Compute Rolling Upgrade Service v1

Scroll down for code samples, example requests and responses. Select a language for code samples from the tabs above or the mobile navigation menu.

The Compute Rolling Upgrade Service (CRUS) coordinates with workload managers and the Boot Orchestration Service (BOS) to modify the boot image and/or configuration on a set of compute nodes in a way that is minimally disruptive to the overall ability of the computes to run jobs.

CRUS divides the set of nodes into groups and, for each group in turn, it performs the following procedure:

  1. Quiesces the nodes using the workload manager.
  2. Takes the nodes out of service in the workload manager.
  3. Creates a BOS reboot operation on the nodes using the specified BOS session template.
  4. Puts the nodes back into service using the workload manager.

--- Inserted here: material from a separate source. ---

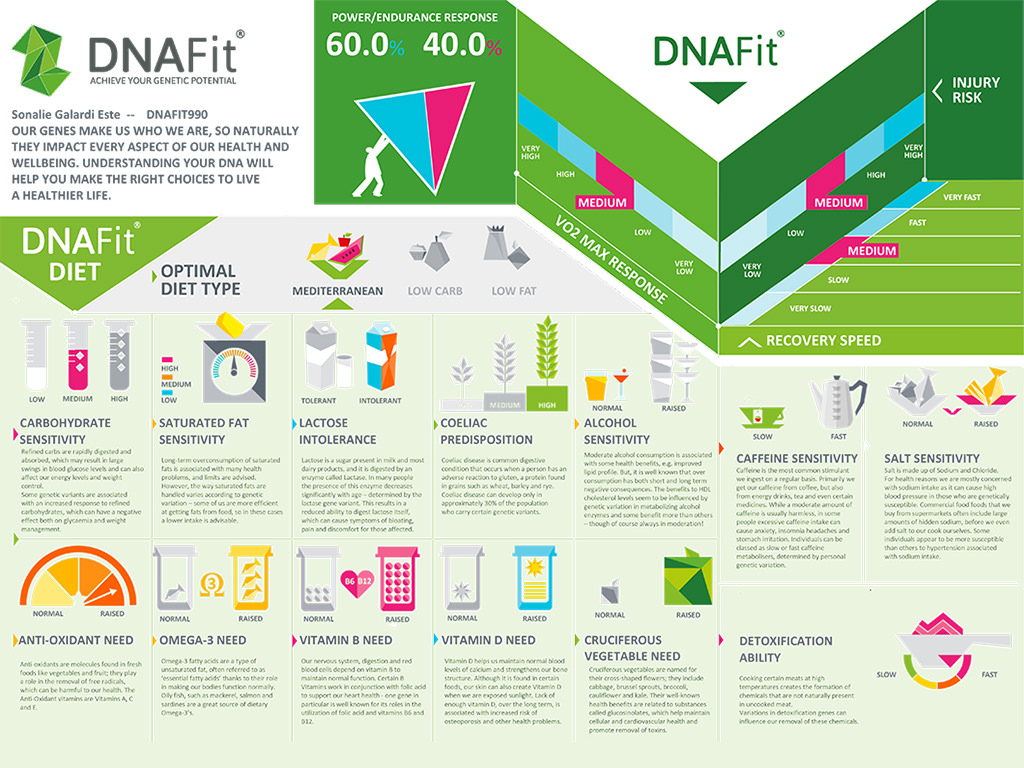 I Got A DNAFit Test And Here's What I Learned About My ...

Each group of nodes must complete this procedure before the next group begins it. In this way most of the total set of nodes remains available to do work while each smaller group is being updated.

Resources

/session

A CRUS session performs a rolling upgrade on a set of compute nodes.

Workflow

Create a New Session

POST /session

A new session is launched as a result of this call.

Specify the following parameters:

  • failed_label: An empty Hardware State Manager (HSM) group which CRUS will populate with any nodes that fail their upgrades.
  • starting_label: An HSM group which contains the total set of nodes to be upgraded.
  • upgrade_step_size: The number of nodes to include in each discrete upgrade step. The upgrade steps will never exceed this quantity, although in some cases they may be smaller.
  • upgrade_template_id: The name of the BOS session template to use for the upgrades.
  • workload_manager_type: Currently only slurm is supported.
  • upgrading_label: An empty HSM group which CRUS will use to boot and configure the discrete sets of nodes.

Examine a Session

GET /session/{upgrade_id}

Retrieve session details and status by upgrade id.

List All Sessions

GET /session

List all in progress and completed sessions.

Request a Session Be Deleted

DELETE /session/{upgrade_id}

Request a deletion of the specified CRUS session. Note that the delete may not happen immediately.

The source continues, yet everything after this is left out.